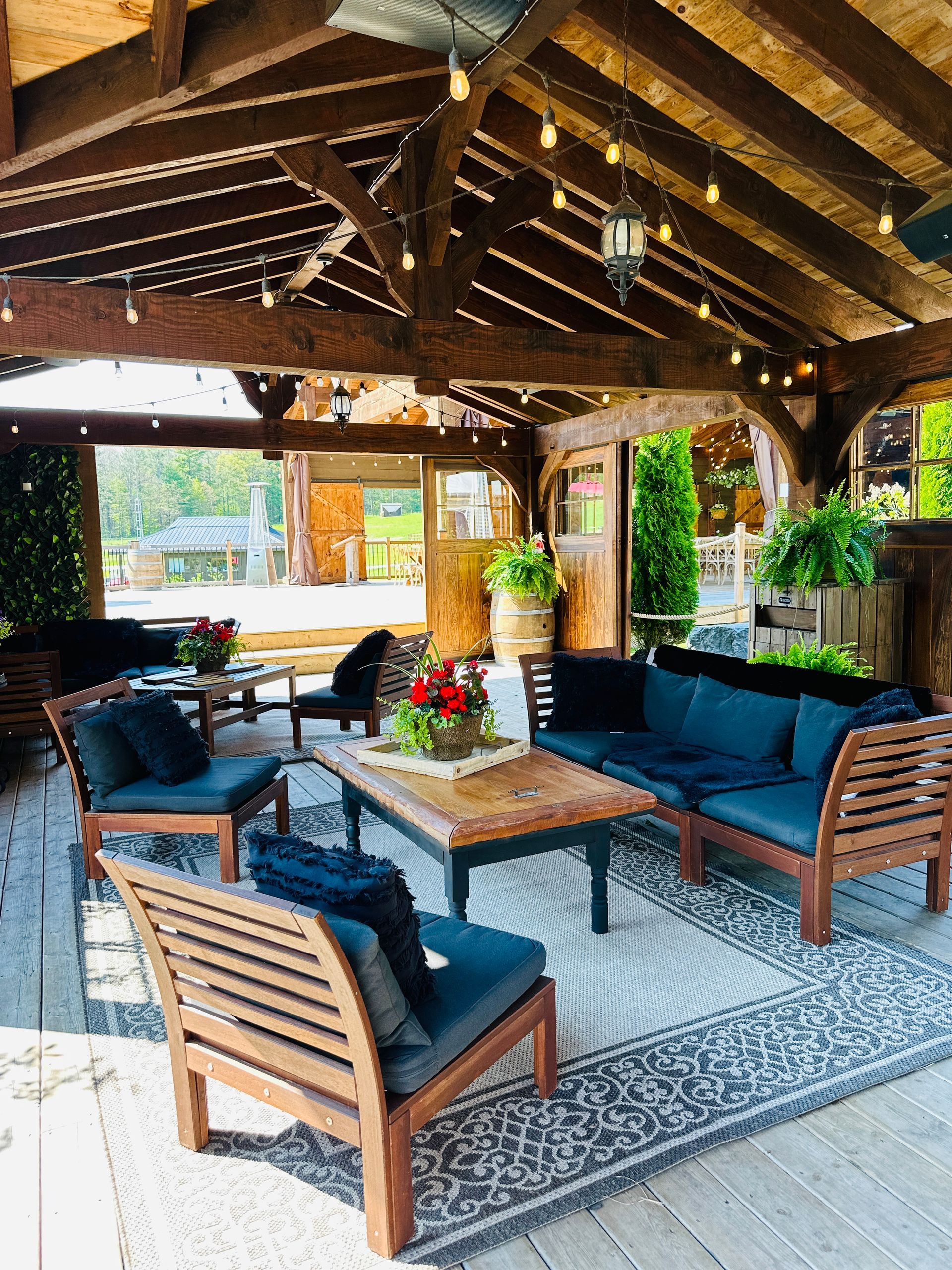 Outdoor seating area under a wooden roof. Blue cushions on wooden furniture, with a rug and string lights.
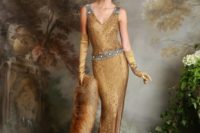 an art deco gold sequin wedding dress with embellished silver straps and a sash plus a train and a shawl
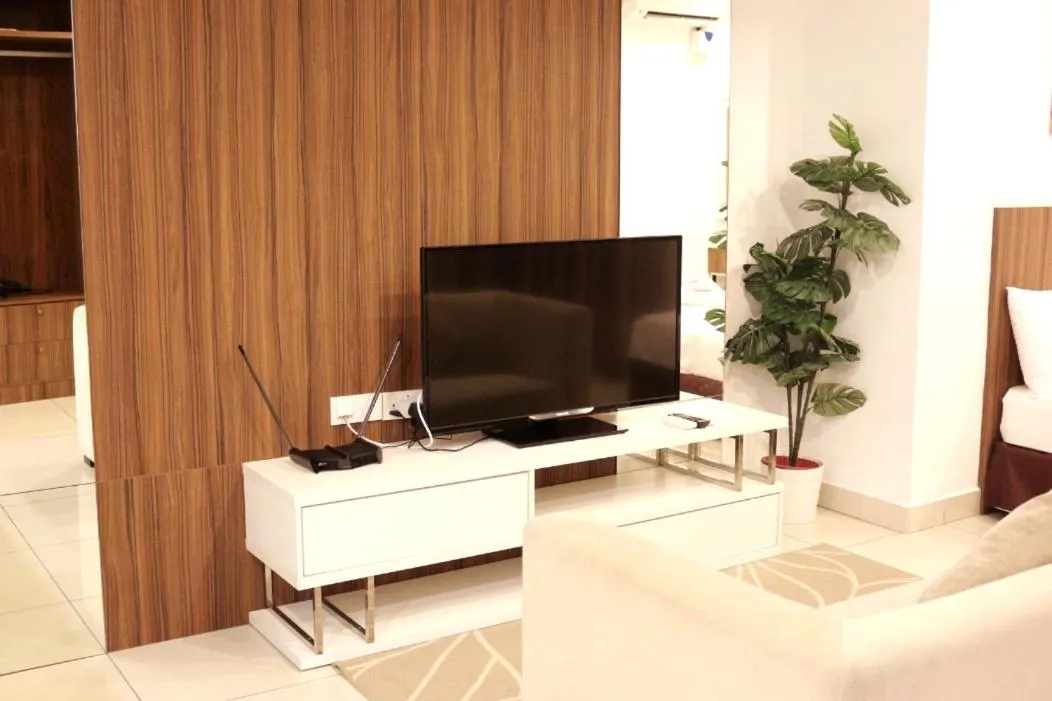 TV and multimedia, Bed in Hejmo Suites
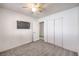 Bright bedroom with carpet, ceiling fan, and TV; doorway to bathroom can be seen at 6408 Deadwood Rd, Las Vegas, NV 89108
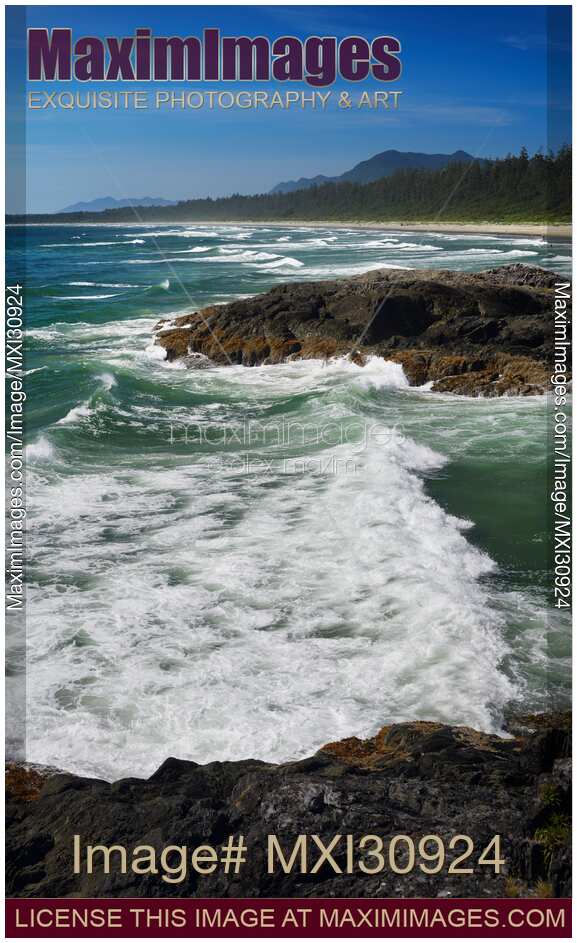 Green Point beach with big tidal waves crashing against the rocks at Pacific Rim National Park Tofino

*****

### Task to carry out
This task calls for the records to be copied exactly, without pictures.

### Exercise answer
 Outdoor seating area under a wooden roof. Blue cushions on wooden furniture, with a rug and string lights.
 an art deco gold sequin wedding dress with embellished silver straps and a sash plus a train and a shawl
 TV and multimedia, Bed in Hejmo Suites
 Bright bedroom with carpet, ceiling fan, and TV; doorway to bathroom can be seen at 6408 Deadwood Rd, Las Vegas, NV 89108
 Green Point beach with big tidal waves crashing against the rocks at Pacific Rim National Park Tofino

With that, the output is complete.